The invention is hereinafter discussed with reference to the accompanying drawing, in which:

FIG. 1 is a characteristic current vs. voltage (I-V) curve for single crystal yttrium-iron-garnet (YIG) to which has been added silicon as a dopant and shows a high resistance branch and a negative resistance branch bridged by a transition region;

FIG. 2 shows curves of voltage vs. time respectively across a crystal, having the I-V characteristics of FIG. 1, and a series resistance and across the crystal only;

FIG. 3 shows curves of voltage vs. time respectively across a crystal, having the I-V characteristics of FIG. 1, and a series resistance and across the crystal only, the voltage across the crystal only in FIG. 3 being slightly higher than the voltage shown in FIG. 2, thereby to bias the crystal to operate in said negative resistance branch and to provide oscillations;

FIG. 4 shows I-V characteristics for a Si-YIG crystal similar to that having the characteristic curve of FIG. 1 and shows a binary mode of operation having a high resistance normal state and a low resistance memory state;

FIG. 5 shows I-V characteristics similar to that shown in FIG. 1 except for two different dopant levels in the crystal;

FIG. 6 is a schematic circuit diagram, partially in block diagram form, of a circuit adapted to provide the curves shown in FIGS. 1-5;

FIG. 7 illustrates a matrix employing the class of materials herein discussed;

FIGS. 8A to FIG. 8D illustrate another matrix employing one group of the materials herein described; and

FIGS. 9A and 9B illustrate a matrix similar to that shown in FIGS. 8A to 8D .

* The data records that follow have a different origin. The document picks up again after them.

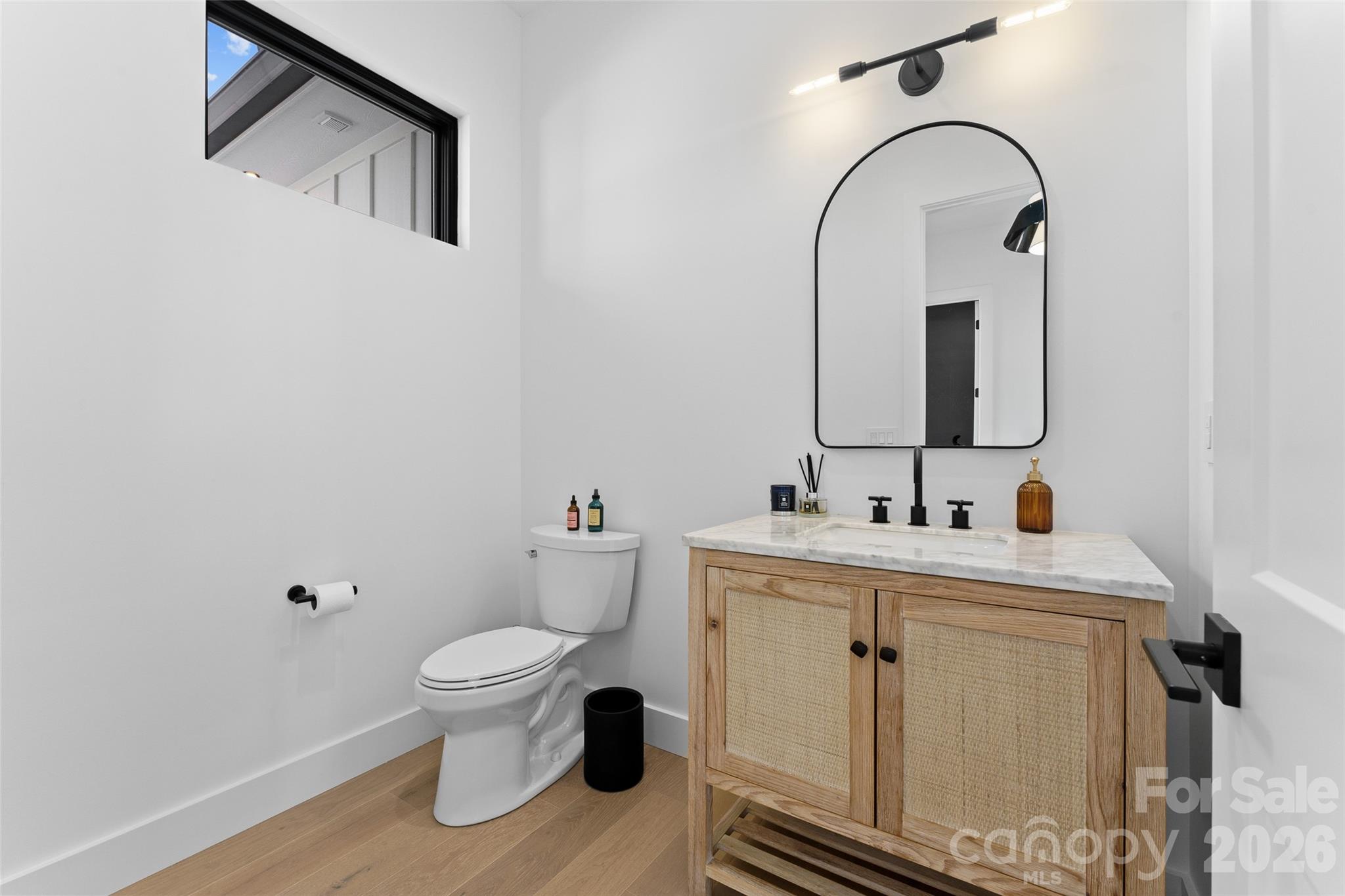 503 Nesbitt Drive Property Photo 8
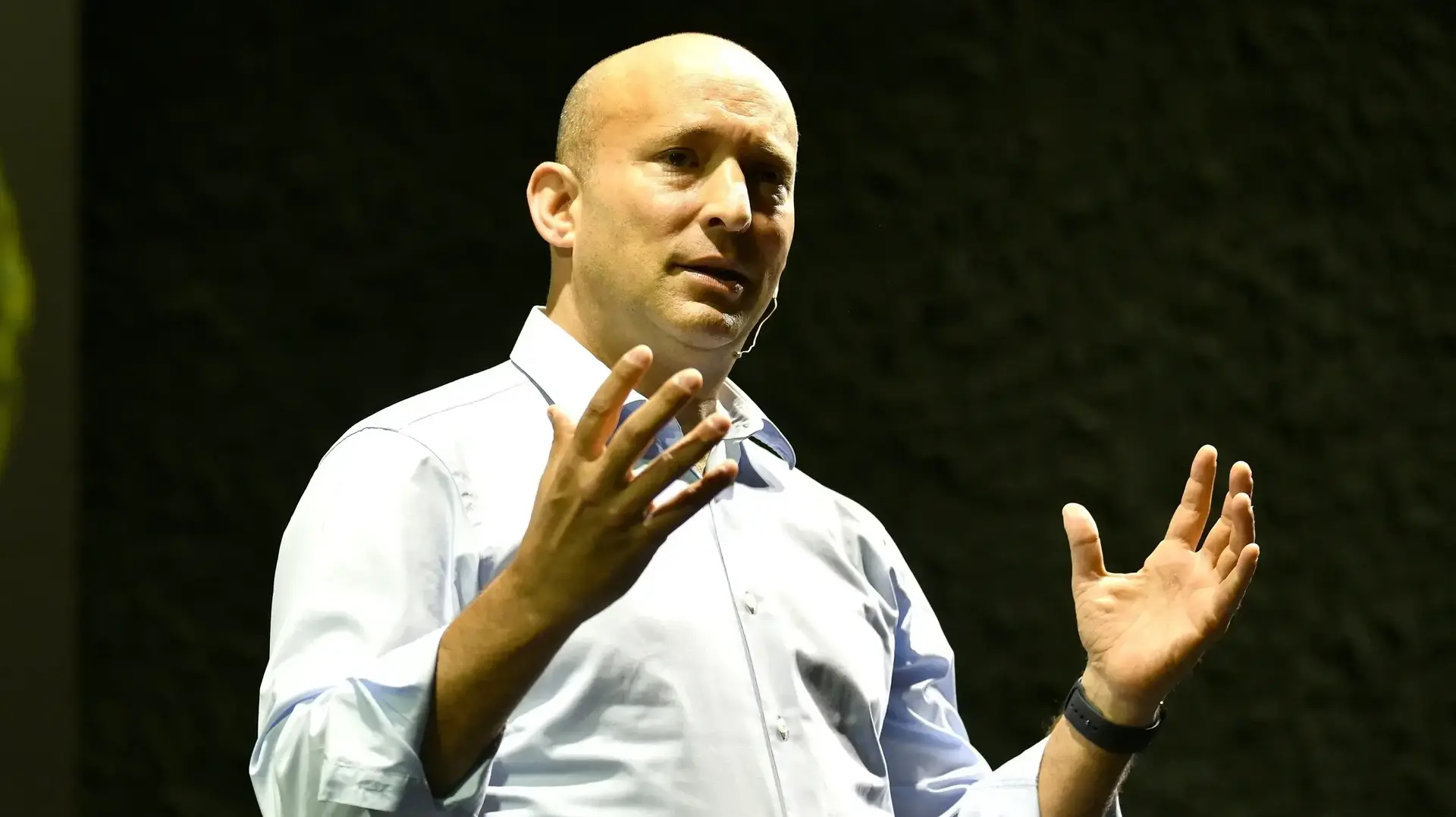 נפתלי בנט, כנס "חינוך מחדש", המרכז האקדמי לוינסקי־וינגייט, 27 באוקטובר 2025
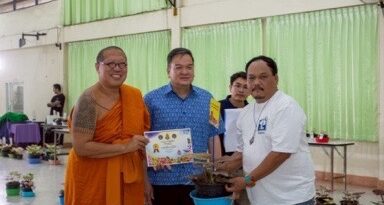 นครปฐม ปธ.กมธ.การท่องเที่ยวฯ ชมการประกวดบอนสีสายพันธุ์ใหม่   สนามวัดไผ่ล้อมฯ ตลาดใหญ่จีนตื่นตัว ชี้กระตุ้นเกษตรกรสร้างเม็ดเงิน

The invention herein disclosed is concerned primarily with iron oxide bearing, single crystal and polycrystalline materials which display ferromagnetic properties, which display a nonlinear current vs. voltage (I-V) characteristic that includes a high resistance branch and a negative resistance branch, and which also display memory characteristics. Said materials have a resistivity vs. temperature characteristic such that the resistance decreases substantially with increasing temperature within the range of temperatures to which such materials (or areas in the materials) are subjected in the course of use in operating devices (i.e., typically 300.degree. to 900.degree. K for the yttrium-iron-garnet material discussed herein in greatest detail). The material properties are such that when devices embodying it are operated in either the negative resistance branch or in the memory state, the ferromagnetic curie point of the material is exceeded and the ordered magnetic properties of the material are totally destroyed. The materials of interest include garnets (e.g., Y.sub.3 Fe.sub.5 O.sub.12, Y.sub.3 Fe.sub.5.sub.-x Ga.sub.x O.sub.12, Y.sub.3 Fe.sub.5.sub.-x Al.sub.x O.sub.12, where x varies from zero to one), orthoferrites (e.g., YFeO.sub.3, TbFeO.sub.3), and spinels (e.g., NiFe.sub.2 O.sub.4, FeFe.sub.2 O.sub.4, MgFe.sub.2 O.sub.4, MnFe.sub.2 O.sub.4, and CoFe.sub.2 O.sub.4 plus various solid solutions of these compounds).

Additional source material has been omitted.